Task item
Lines to return, exactly: from the line with "Sabiha Gökçen'de 68" to the line with "2 For $40 NEW!" in the entries below, both included.

Data
────────────────
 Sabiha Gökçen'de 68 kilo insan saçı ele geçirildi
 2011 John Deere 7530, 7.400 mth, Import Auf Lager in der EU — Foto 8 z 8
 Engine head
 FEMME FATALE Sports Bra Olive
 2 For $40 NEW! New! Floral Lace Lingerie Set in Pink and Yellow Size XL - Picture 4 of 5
────────────────
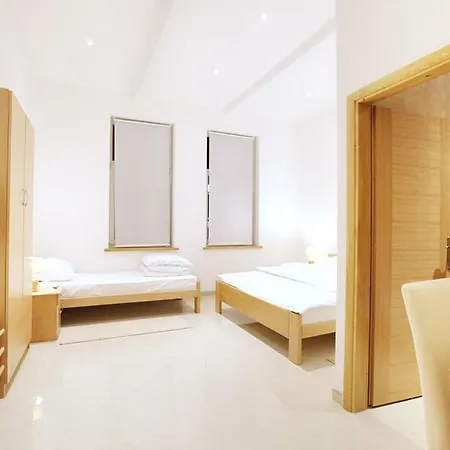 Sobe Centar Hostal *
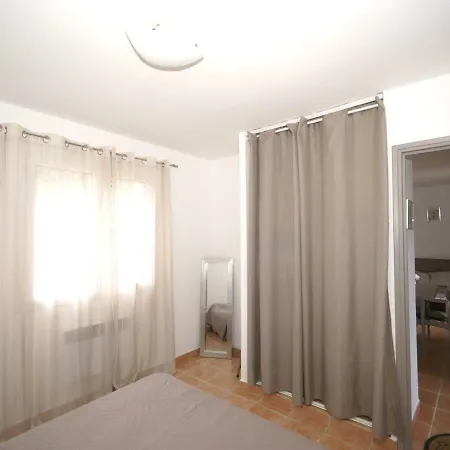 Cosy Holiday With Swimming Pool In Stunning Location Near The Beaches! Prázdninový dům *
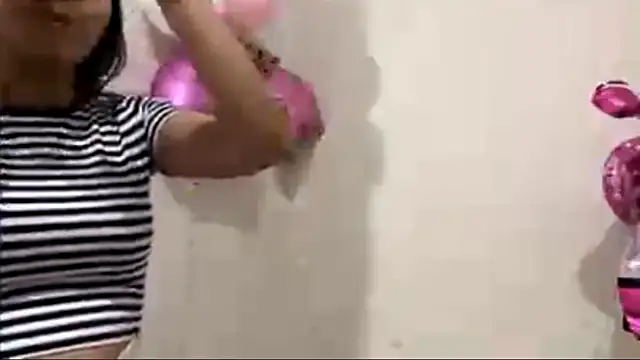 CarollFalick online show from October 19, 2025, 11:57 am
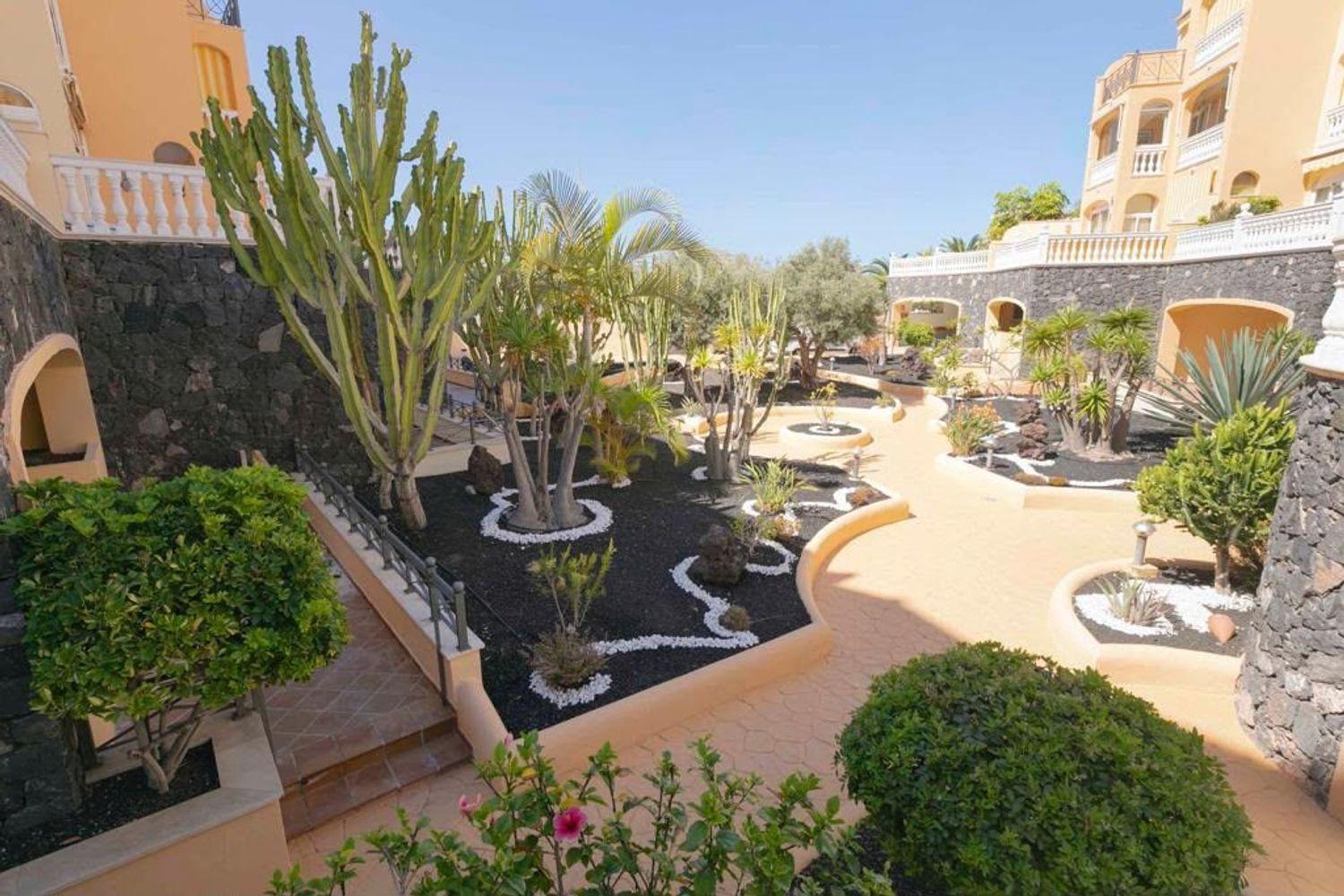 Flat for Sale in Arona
────────────────
Result
 Sabiha Gökçen'de 68 kilo insan saçı ele geçirildi
 2011 John Deere 7530, 7.400 mth, Import Auf Lager in der EU — Foto 8 z 8
 Engine head
 FEMME FATALE Sports Bra Olive
 2 For $40 NEW! New! Floral Lace Lingerie Set in Pink and Yellow Size XL - Picture 4 of 5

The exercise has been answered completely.